Comparatively little has been added to our knowledge of uric acid since the appearance of the paper of Liebig and Wöhler.

It would lead too far to attempt to give a complete list of the papers which have appeared under the name of Wöhler alone. In 1828 he made the remarkable discovery that when an aqueous solution of ammonium cyanate, CNONH, is evaporated, the salt is completely transformed into urea, which has the same percentage composition. It would be difficult to exaggerate the importance of this discovery. That a substance like urea, which up to that time had only been met with as a product of processes which take place in the animal body, should be formed in the laboratory out of inorganic compounds, appeared to chemists then to be little less than a miracle. To-day such facts are among the commonest of chemistry. The many brilliant syntheses of well-known and valuable organic compounds which have been made during the past twenty years are results of this discovery of Wöhler.
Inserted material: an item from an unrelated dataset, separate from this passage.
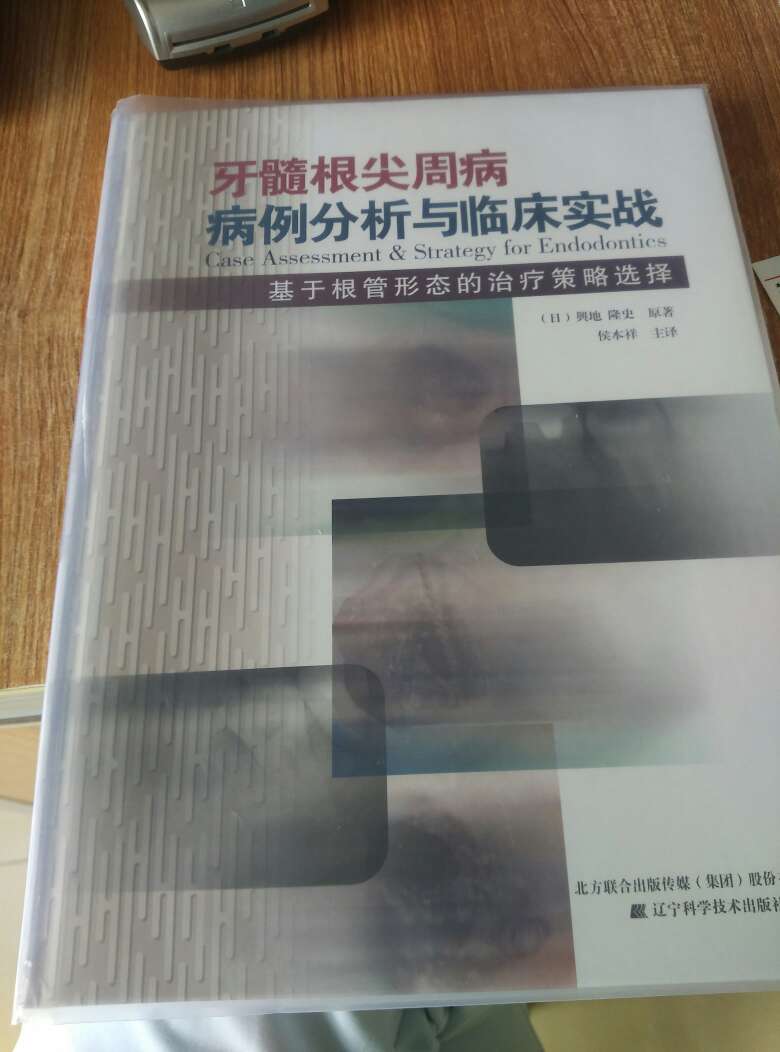 书还是不错的,虽然几经波折终于到我手里,有文字有图片,不过感觉某些东西说的太繁琐,现在还没看完,希望多上些类似的专业书,对了,书的纸张不错,就是运输的时候有点磕到了,不过还不错?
In 1823 he published a paper on secretion, in the urine, of substances which are foreign to the animal organism, but which are brought into the body. He discovered the transformation of neutral organic salts into carbonates by the process of assimilation.

In 1832 he investigated the dimorphism of arsenious acid and antimony oxide. In 1841 he made the discovery that dimorphous bodies have different fusing points, according as they are in the crystallized or amorphous condition.

Among the more remarkable of his investigations in inorganic chemistry are those on methods for the preparation of potassium (1823); on tungsten compounds (1824); the preparation of aluminum (1827); of glucinum and yttrium (1828). In 1856, working with Ste. Claire Deville, he discovered crystallized boron.

Analytical methods were improved in many ways, and excellent new methods were introduced by him. Further, he did a great deal for the improvement of the processes of applied chemistry.

With Liebig he was associated in editing the "Annalen der Chemie and Pharmacie" and the "Handwörterbuch der Chemie." He wrote a remarkably useful and popular "Grundriss der Chemie." The part relating to inorganic chemistry appeared first in 1831, and was in use until a few years ago, when Fittig wrote his "Grundriss" on the same plan, a work which supplanted its prototype.

The above will serve to give some idea of the great activity of Wöhler's life, and the fruitfulness of his labors. While thus contributing largely by his own work directly to the growth of chemistry, he did perhaps as much in the capacity of teacher. Many of the active chemists of the present day have enjoyed the advantages of Wöhler's instruction, and many can trace their success to the impulse gathered in the laboratory at Göttingen. The hand of the old master appears in investigations carried on to-day by his pupils.

Wöhler's was not a speculative mind. He took very little part in the many important discussions on chemical theories which engaged the attention of such men as Dumas, Gerhardt, Berzelius, and Liebig, during the active period of his life. He preferred to deal with the facts as such; and no one ever dealt with the facts of chemistry more successfully. He had a genius for methods which has never been equaled. The obstacles which had baffled his predecessors were surmounted by him with ease. He was in this respect a truly great man.

Personally, Wöhler was modest and retiring. His life was simple and unostentatious. He had a kindly disposition, which endeared him to his students, to which fact many American chemists who were students at Göttingen during the time of Wöhler's activity can cordially testify. In short, it may be said deliberately that Wöhler, as a chemist and as a man, was a fit model for all of us and for those who will come after us. Though he has gone, his methods live in every laboratory. His spirit reigns in many; could it reign in all, the chemical world would be the better for it.



See Kopp's "Geschichte der Chemie," iv., 440.